Because you are testing multiple edges, you need to correct for multiple comparisons. There are two common approaches:

- **Bonferroni correction**: Divides your alpha (0.05) by the number of tests. Very conservative -- it controls the probability of even one false positive. Simple but can miss real effects.

- **FDR (False Discovery Rate) correction**: Controls the *proportion* of false positives among your significant results. Less conservative than Bonferroni, and widely used in neuroimaging research.

We will use **FDR correction** (Benjamini-Hochberg method), which is the standard approach in neuroimaging and is what the exploratory group used as well.

In [None]:
from statsmodels.stats.multitest import multipletests

alpha = 0.05

# Apply FDR (Benjamini-Hochberg) correction
reject, p_corrected, _, _ = multipletests(hyp_results['p'], alpha=alpha, method='fdr_bh')
hyp_results['p_corrected'] = p_corrected
hyp_results['significant_fdr'] = reject

# For reference, also compute Bonferroni threshold
bonferroni_threshold = alpha / n_hyp_tests

n_significant = hyp_results['significant_fdr'].sum()

print('=' * 60)
print('MULTIPLE COMPARISON CORRECTION')
print('=' * 60)
print(f'Number of tests: {n_hyp_tests}')
print(f'Method: FDR (Benjamini-Hochberg)')
print(f'For reference -- Bonferroni threshold would be: {bonferroni_threshold:.6f}')
print(f'\nSignificant after FDR correction: {n_significant}')

if n_significant > 0:
    print(f'\nSignificant edges:')
    sig = hyp_results[hyp_results['significant_fdr']]
    for _, row in sig.iterrows():
        print(f"  {row['ROI_A']} <-> {row['ROI_B']}: r={row['r']:.3f}, p={row['p']:.2e}, p_fdr={row['p_corrected']:.2e}")
else:
    print('\nNo edges survived FDR correction.')
    print('Most promising edge:')
    top = hyp_results.iloc[0]
    print(f"  {top['ROI_A']} <-> {top['ROI_B']}: r={top['r']:.3f}, p={top['p']:.2e}")

In [None]:
# Visualize the top hypothesis-driven findings
def _short_name(roi):
    """Extract readable short name from ROI label."""
    if '-' in roi:  # Subcortical (e.g., NAc-rh)
        return roi
    parts = roi.split('_')
    if len(parts) >= 4:
        return '_'.join(parts[1:-1])  # e.g. SalVentAttnA_Ins
    return roi

if n_significant > 0:
    sig_edges = hyp_results[hyp_results['significant_fdr']]
    n_plots = min(len(sig_edges), 3)
    fig, axes = plt.subplots(1, n_plots, figsize=(5*n_plots, 4))
    if n_plots == 1:
        axes = [axes]

    for idx, (_, row) in enumerate(sig_edges.head(n_plots).iterrows()):
        edge_vals = helpers.get_edge(row['ROI_A'], row['ROI_B'])
        outcome = behavior['PHQ9'].values
        r_val, p_val = pearsonr(edge_vals, outcome)

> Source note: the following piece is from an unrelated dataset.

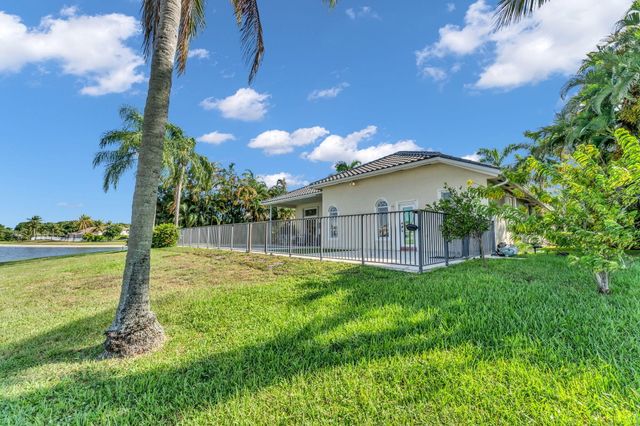 21409 Crestfalls Court, Boca Raton, FL 33428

        axes[idx].scatter(edge_vals, outcome, alpha=0.5, color='steelblue')
        z = np.polyfit(edge_vals, outcome, 1)
        x_line = np.linspace(edge_vals.min(), edge_vals.max(), 100)
        axes[idx].plot(x_line, np.polyval(z, x_line), color='coral', linewidth=2)
        axes[idx].set_xlabel('Functional Connectivity')
        axes[idx].set_ylabel('PHQ9')

        short_a = _short_name(row['ROI_A'])
        short_b = _short_name(row['ROI_B'])
        axes[idx].set_title(f'{short_a} <-> {short_b}\nr = {r_val:.3f}, p = {p_val:.2e}')

    plt.tight_layout()
    plt.show()
else:
    top = hyp_results.iloc[0]
    helpers.plot_edge(top['ROI_A'], top['ROI_B'], 'PHQ9')

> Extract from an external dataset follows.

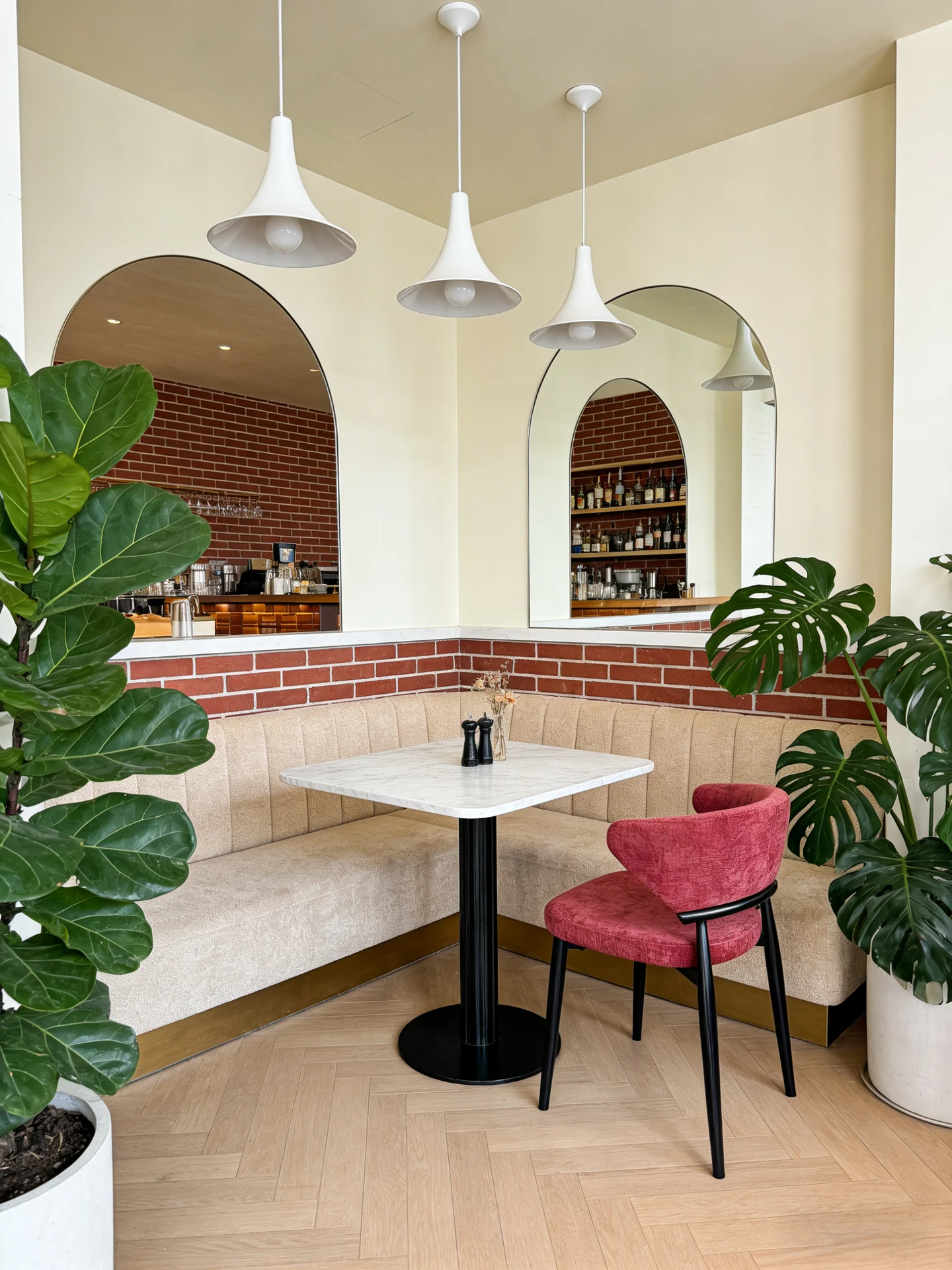 Curved-Back Commercial Restaurant Chair application scene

### Visualize Results on the Brain

Let's see where your significant edges are located in 3D brain space:

In [None]:
# Plot significant edges on a glass brain
helpers.plot_glass_brain(hyp_results, p_threshold=0.05)

In [None]:
# P-value visualization for all hypothesis tests
plt.figure(figsize=(10, 5))

colors = ['mediumseagreen' if sig else 'gray' for sig in hyp_results['significant_fdr']]
plt.scatter(range(len(hyp_results)), hyp_results['p'], c=colors, s=60)
plt.axhline(bonferroni_threshold, color='coral', linestyle='--', linewidth=1,
            label=f'Bonferroni threshold (p={bonferroni_threshold:.2e})')
plt.axhline(0.05, color='orange', linestyle='--', linewidth=1,
            label='Uncorrected alpha = 0.05')
plt.yscale('log')
plt.xlabel('Edge (ranked by p-value)')
plt.ylabel('P-value (log scale)')
plt.title(f'P-values for {n_hyp_tests} SalVentAttnA Insula-FrMed Tests')
plt.legend()
plt.grid(True, alpha=0.2)
plt.tight_layout()
plt.show()

print(f'Green dots = significant after FDR correction')
print(f'Note: FDR correction uses a step-up procedure, not a single threshold line.')
print(f'The Bonferroni line is shown for reference only.')

---

## Part 9: Prepare Your Presentation

For next class, prepare a brief presentation (5-7 minutes) covering:

1. **Your hypothesis** -- What did you predict and why?
2. **Your pre-registered methods** -- Which edges did you test? What correction, covariates, and outlier threshold did you use?
3. **Your results** -- Report ALL tests (not just significant ones). Show visualizations.
4. **Why you believe your findings** -- What makes you confident? Do the brain regions make sense?
5. **How would you convince a skeptic?** -- What evidence would you point to?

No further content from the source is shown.